Captioned web images
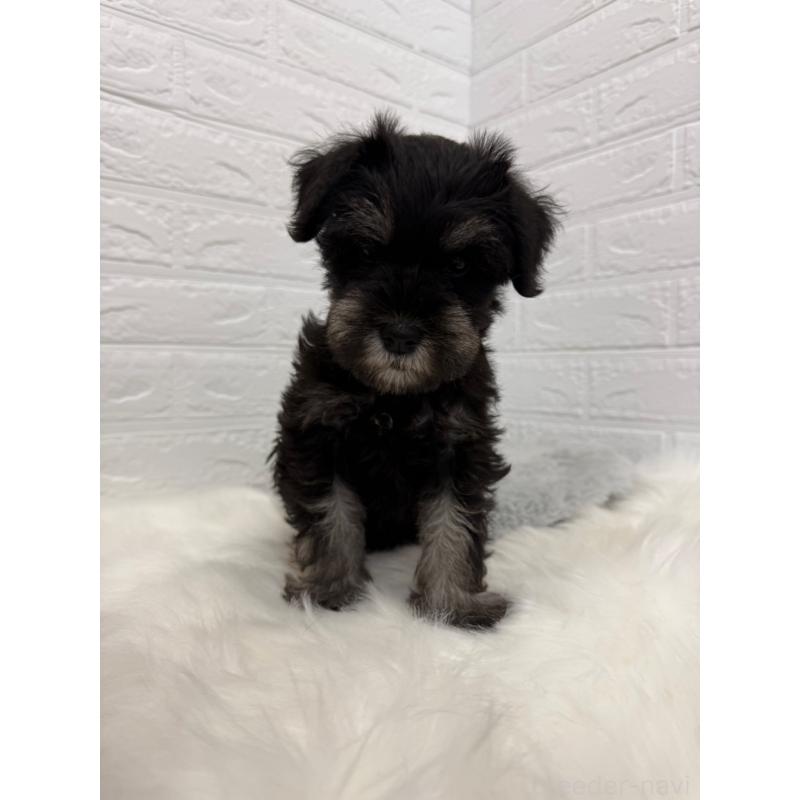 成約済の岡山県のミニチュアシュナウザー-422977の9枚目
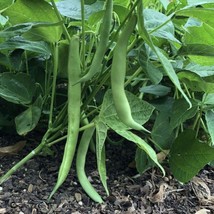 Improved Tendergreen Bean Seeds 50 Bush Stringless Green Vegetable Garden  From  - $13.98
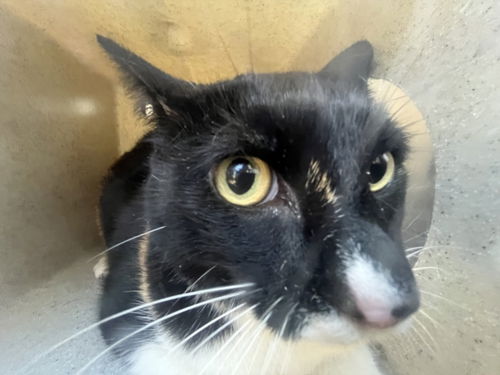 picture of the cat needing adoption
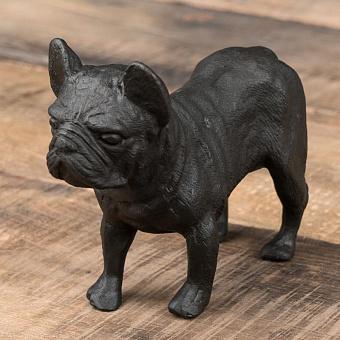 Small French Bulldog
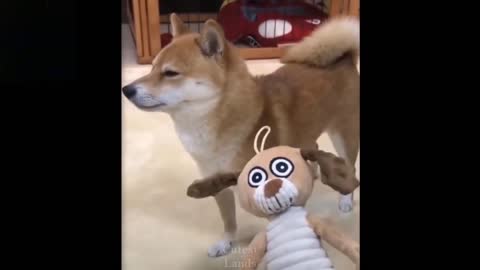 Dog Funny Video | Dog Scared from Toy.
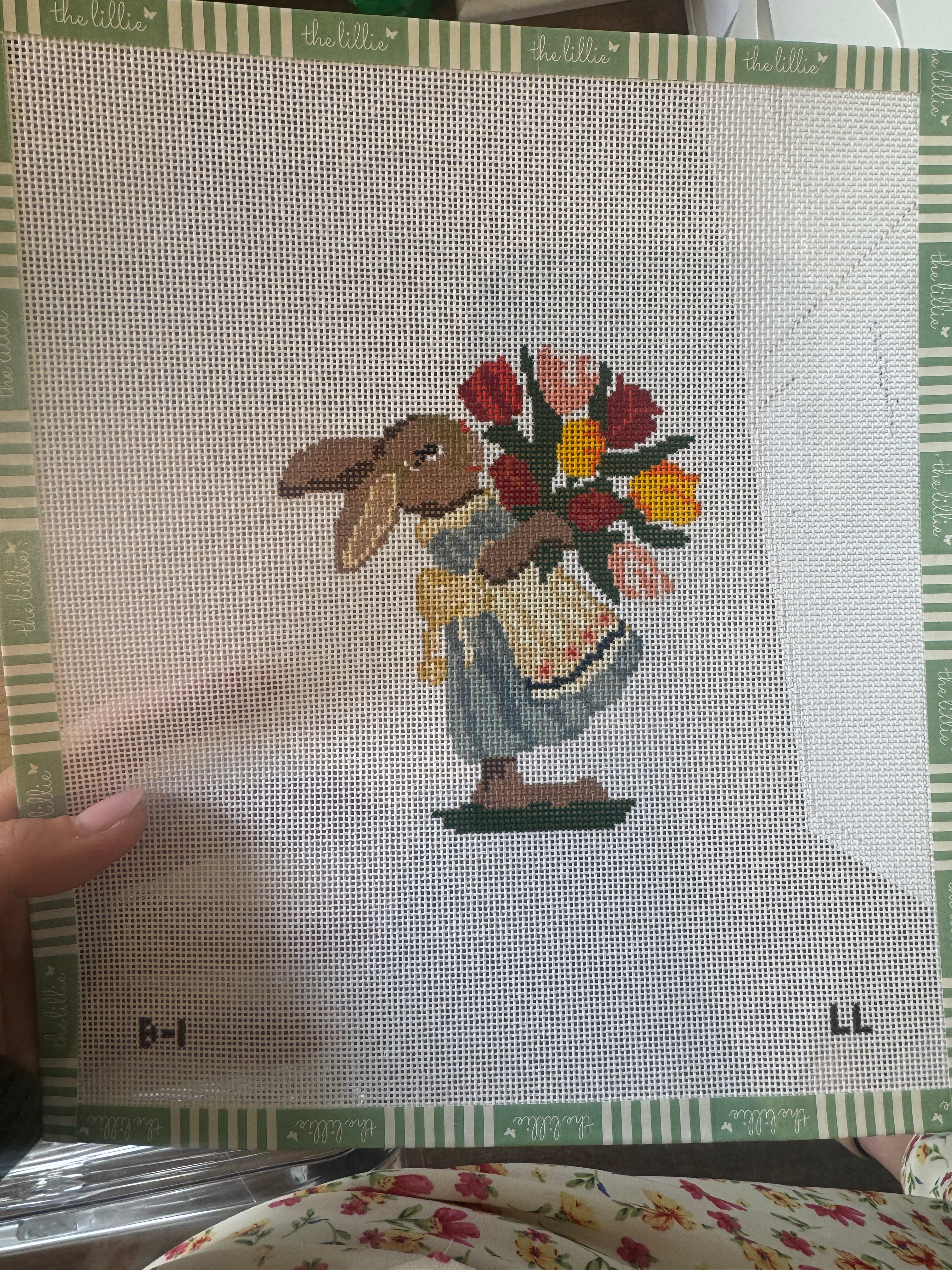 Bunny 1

• [To do]
Every line above is to be repeated exactly, but no picture is to appear in the copy.

• [Your response]
 成約済の岡山県のミニチュアシュナウザー-422977の9枚目
 Improved Tendergreen Bean Seeds 50 Bush Stringless Green Vegetable Garden  From  - $13.98
 picture of the cat needing adoption
 Small French Bulldog
 Dog Funny Video | Dog Scared from Toy.
 Bunny 1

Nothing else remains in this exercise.